My other "aha" moment was building Skype on the Web. We built a greenfield, Google Hangouts competitor on web.skype.com. The team was a strong one, and we had full unit coverage and heavy integration testing. Three months into the project, an engineer decided we need to refactor the structure of the whole project. It was a very risky refactor, and all of us voted not to do it.

The developer challenged us that given the test coverage, it should be a piece of cake. If the tests pass, it works. I was skeptical. But that's exactly how it worked. After a week-long refactoring, he pushed a giant change... and nothing broke. Not then, not later. All tests passed. This was when I realized the safety net that a strong test suite gives and how it allows refactoring without fear.

5. Make refactoring a habit and master refactoring tools

For many years, I preferred to make the smallest possible change in the codebase, when I was working with a team. For my own, personal projects I did massive refactorings - but I was never comfortable doing this on codebases I did not fully own.

Then I met an engineer at Skype who would continuously do small or large refactors. They all made sense, and the code always got better. And they never messed things up. How did they do it?

As I paired with them, they knew their IDE very well and had refactor extensions added. Extracting a method, renaming a variable, moving into a constant... it took them a second of time.

I realized I was afraid of refactoring as I missed both the practice and the tools to do this well. As I started making refactoring a weekly habit, I got better at both. This habit served me well later on - I just wish it didn't take me so many years to start it.

6. Know that good software engineering is experience. Get lots of it.
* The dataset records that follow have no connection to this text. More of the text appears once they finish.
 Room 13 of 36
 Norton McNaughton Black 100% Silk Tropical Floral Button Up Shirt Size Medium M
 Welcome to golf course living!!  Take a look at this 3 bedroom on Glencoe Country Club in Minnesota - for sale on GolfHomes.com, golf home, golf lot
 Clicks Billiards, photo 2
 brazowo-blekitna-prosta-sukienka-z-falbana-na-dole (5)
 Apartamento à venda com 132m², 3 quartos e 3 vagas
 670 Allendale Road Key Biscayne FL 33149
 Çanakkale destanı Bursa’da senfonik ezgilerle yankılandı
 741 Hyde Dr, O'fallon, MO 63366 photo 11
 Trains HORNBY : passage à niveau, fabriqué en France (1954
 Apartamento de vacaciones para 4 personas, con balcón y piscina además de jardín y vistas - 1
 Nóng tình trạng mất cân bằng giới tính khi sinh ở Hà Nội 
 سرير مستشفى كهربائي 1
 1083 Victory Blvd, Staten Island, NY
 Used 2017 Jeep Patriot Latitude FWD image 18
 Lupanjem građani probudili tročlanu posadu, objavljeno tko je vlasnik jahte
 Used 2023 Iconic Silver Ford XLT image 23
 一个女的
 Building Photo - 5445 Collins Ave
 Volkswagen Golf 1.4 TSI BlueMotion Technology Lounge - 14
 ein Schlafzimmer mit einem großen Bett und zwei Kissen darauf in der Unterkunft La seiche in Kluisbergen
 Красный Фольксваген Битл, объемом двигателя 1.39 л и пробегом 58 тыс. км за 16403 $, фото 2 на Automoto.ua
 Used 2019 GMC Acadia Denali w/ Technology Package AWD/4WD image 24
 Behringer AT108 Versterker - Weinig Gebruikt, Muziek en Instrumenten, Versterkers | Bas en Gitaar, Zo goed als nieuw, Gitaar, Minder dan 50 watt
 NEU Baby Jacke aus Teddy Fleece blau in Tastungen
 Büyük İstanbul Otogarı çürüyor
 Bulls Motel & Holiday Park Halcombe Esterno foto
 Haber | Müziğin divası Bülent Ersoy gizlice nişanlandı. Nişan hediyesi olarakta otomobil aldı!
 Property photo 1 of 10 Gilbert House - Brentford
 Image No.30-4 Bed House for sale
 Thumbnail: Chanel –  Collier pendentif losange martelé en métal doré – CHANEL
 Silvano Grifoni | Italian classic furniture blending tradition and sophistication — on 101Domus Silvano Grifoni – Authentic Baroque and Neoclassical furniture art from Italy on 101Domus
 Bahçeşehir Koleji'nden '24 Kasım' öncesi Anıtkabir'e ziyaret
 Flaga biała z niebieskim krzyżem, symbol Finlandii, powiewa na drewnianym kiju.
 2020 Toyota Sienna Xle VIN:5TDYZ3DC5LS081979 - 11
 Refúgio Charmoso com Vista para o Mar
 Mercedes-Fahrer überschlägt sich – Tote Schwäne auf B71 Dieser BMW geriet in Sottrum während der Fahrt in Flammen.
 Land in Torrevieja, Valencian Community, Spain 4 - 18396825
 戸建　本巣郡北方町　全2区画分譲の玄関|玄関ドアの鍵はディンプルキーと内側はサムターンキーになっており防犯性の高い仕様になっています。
When I started out, I used to be intimidated by senior engineers. They saw bugs in my code that I didn't. They knew answers I had no clue about. I assumed they're just smarter and better than me, and accepted this is how things are.

Now that I've worked with many great regarded software engineers closely, and coached several more, I see that there's nothing to be intimidated about. The best software engineers have a mix of learned knowledge and real-world experience. The knowledge you can learn. The experience, you need to go after.

Look for opportunities to work on different stacks, different domains, and challenging projects. It took me seven or eight years to get what I would consider a "senior" level. I see some people joining high-growth places like Uber get there in three or four. The difference? Those people work on challenging projects, pushing just to keep up with the others around them, and often change teams midway, to start again. They volunteer to work on new projects and try out new technologies as the first in the team. I eventually became this person - but not for my first few years.

7. Teach what you learn

The best way to learn something is to teach it. I started doing this accidentally. In 2010, I started presenting on .NET and Windows Phone user groups. My presentations were not good, but I learned lots just by preparing for them.

These days, when I want to learn something well, I sign up to do a public talk about it. I offered to do a presentation on how Uber rolls out backend changes at scale in 2017, a year after joining Uber. When I did, I didn't fully understand how we did this - I was mostly doing mobile development until then, and managing a mobile team. By the talk, I had no choice but learn all the details. And I had plenty of pressure to do so: about a hundred local developers signed up for that event.

Many other people swear on this method working - with Shawn "Swyx" Wang being a prominent figure of the #LearnInPublic approach. His growth story is far more impressive than mine: going from changing careers to senior engineering roles at Netlify and AWS in four years, and writing a book about his learnings. The nice thing about teaching others is you can only win. Not only will you learn something by teaching, but you'll also help and inspire others.

And I don't know any experienced, role model developer who is not a decent teacher and mentor. The earlier you start giving back and teaching, the more natural this will come.